Development of a RFID sensitive tag dedicated to the monitoring of the environmental corrosiveness for indoor applications
I. El Masri, B. Lescop, P. Talbot, G. Nguyen Vien, J. Becker, D., Thierry, St\'ephane Rioual

TL;DR
This paper presents an RFID-based sensor designed to monitor environmental corrosiveness indoors by detecting nanometer-scale metal thickness changes caused by pollutants, temperature, and humidity.
Contribution
It introduces a novel RFID sensor that couples a commercial antenna with a copper layer to detect very small metal thickness variations due to corrosion.
Findings
Sensor detects nanometer-scale thickness changes
Experimental validation in climatic chamber confirms sensitivity
Electromagnetic simulations support experimental results
Abstract
The environmental corrosiveness is governed for indoor applications by the presence of gaseous pollutants in air and levels of temperature and relative humidity. Its determination is a challenging task and requires the monitoring of thickness reduction of selected metals in the range of few tens of nanometers.
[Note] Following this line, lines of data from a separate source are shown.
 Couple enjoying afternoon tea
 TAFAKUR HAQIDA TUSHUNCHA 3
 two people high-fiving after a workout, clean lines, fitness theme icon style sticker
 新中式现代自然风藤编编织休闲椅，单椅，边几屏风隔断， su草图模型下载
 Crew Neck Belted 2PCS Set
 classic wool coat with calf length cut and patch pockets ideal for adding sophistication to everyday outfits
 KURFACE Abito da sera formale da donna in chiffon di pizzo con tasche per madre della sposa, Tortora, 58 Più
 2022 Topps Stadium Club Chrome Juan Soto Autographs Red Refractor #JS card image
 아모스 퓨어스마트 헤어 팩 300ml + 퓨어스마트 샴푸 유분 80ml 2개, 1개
The present work aims at developing an UHF RFID sensor dedicated to such measurements. The sensor is based on the coupling between the antenna of a commercial RFID tag and a thin layer of copper exposed to the environment. The ability of the proposed sensor to be sensitive to a variation of the metal thickness in the range of tens of nanometers is demonstrated experimentally through exposure tests in a climatic chamber. The results are supported by electromagnetic simulations performed in the case of a coupling between a dipolar antenna and a thin metallic layer.